Head Of FIFA Reform Committee Thinks We've Been Too Mean To Sepp Blatter
If you doubted the true independence of FIFA’s self-selected reform committee—a group mainly composed of existing FIFA members, led by an outside investigator selected and paid for by FIFA, and tasked with rooting out the causes of rampant corruption those highest up FIFA’s power pyramid had absolutely positively no knowledge of whatsoever—the latest comments from said committee head probably won’t steel your confidence.
François Carrard, a 77-year-old Swiss lawyer who once oversaw corruption investigations into the International Olympic Committee, is the man soccer’s governing body has appointed to guide their new 15-member reform committee. Carrard must be taking his job very seriously, with the knowledge that although many of the allegations involved individual decisions of various powerful federation members, the omnipresence of bribery and the upward mobility of the corrupt officials implies that FIFA president Sepp Blatter at the very least tacitly condoned the behavior through willful ignorance, if he didn’t orchestrate it himself, right? Not so, according to statements Carrard made to Swiss paper La Matin Dimanche. From the Guardian:
“There is something unfair in the way he is treated. I say that with complete independence. We are in the process of pillorying him. Unfortunately, it’s always like that when somebody stays too long, the negative side gets noticed,” said the 77-year-old Carrard.

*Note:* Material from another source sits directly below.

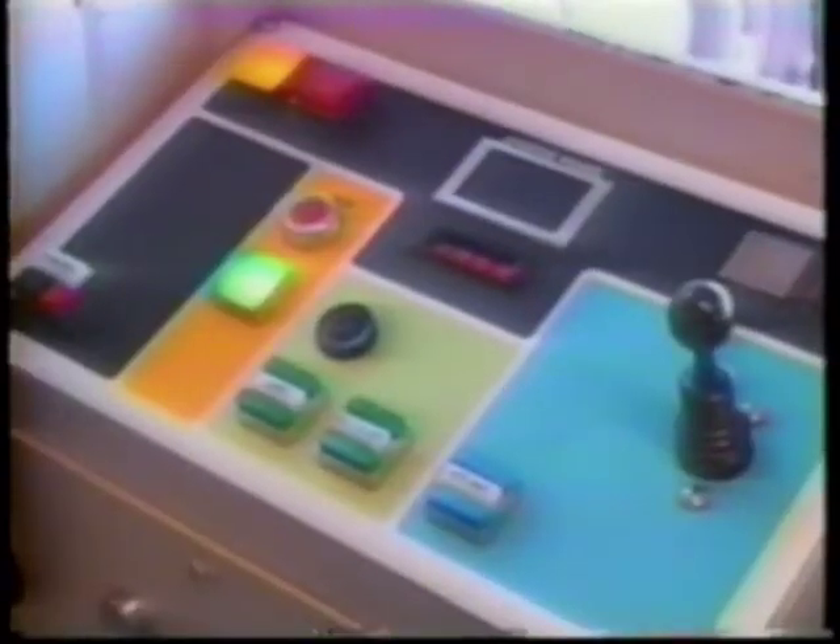Each of the six console styles contained different variations of control placement, design, and in some instances, control manufacturer.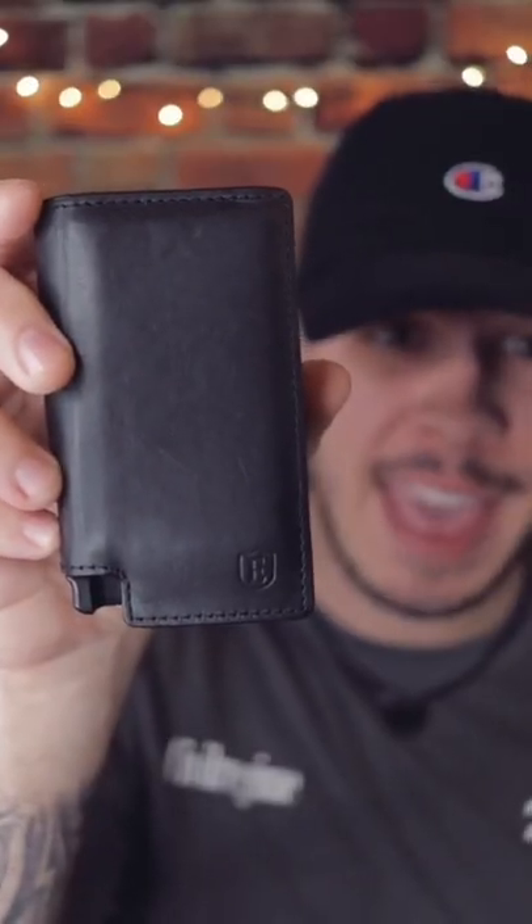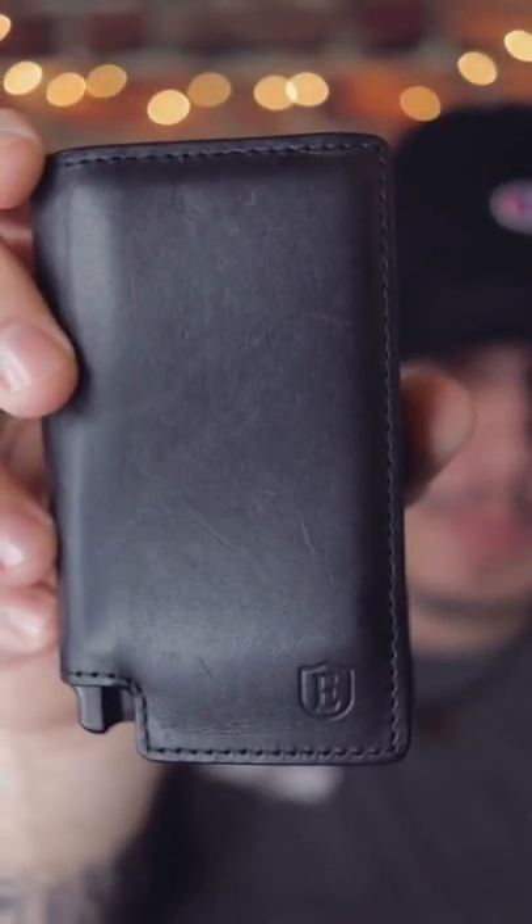This is the wallet I've been carrying around by Exter. The quality on this thing is absolutely amazing. I've actually been carrying it around for a few months before I made this video.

“This man has been unfairly treated. And if we talk about corruption … I have the whole US proceedings on my table. In the indictment, there is not one word against him. Nothing. Today I am not aware of any indication of corruption against Blatter,” he said.
Yep, the head of a notoriously corrupt organization had no idea how his organization actually ran. The man who created the system of small-country empowerment which facilitated the conditions for mass bribery couldn’t possibly be responsible for the culture that inevitably sprang from that. Nothing to see here, just a handful of bad apples poisoning all the great work Blatter has done over the years.
I don’t know how much actual “reform” will come out of this committee, but regardless, it sounds like FIFA will be getting its money’s worth.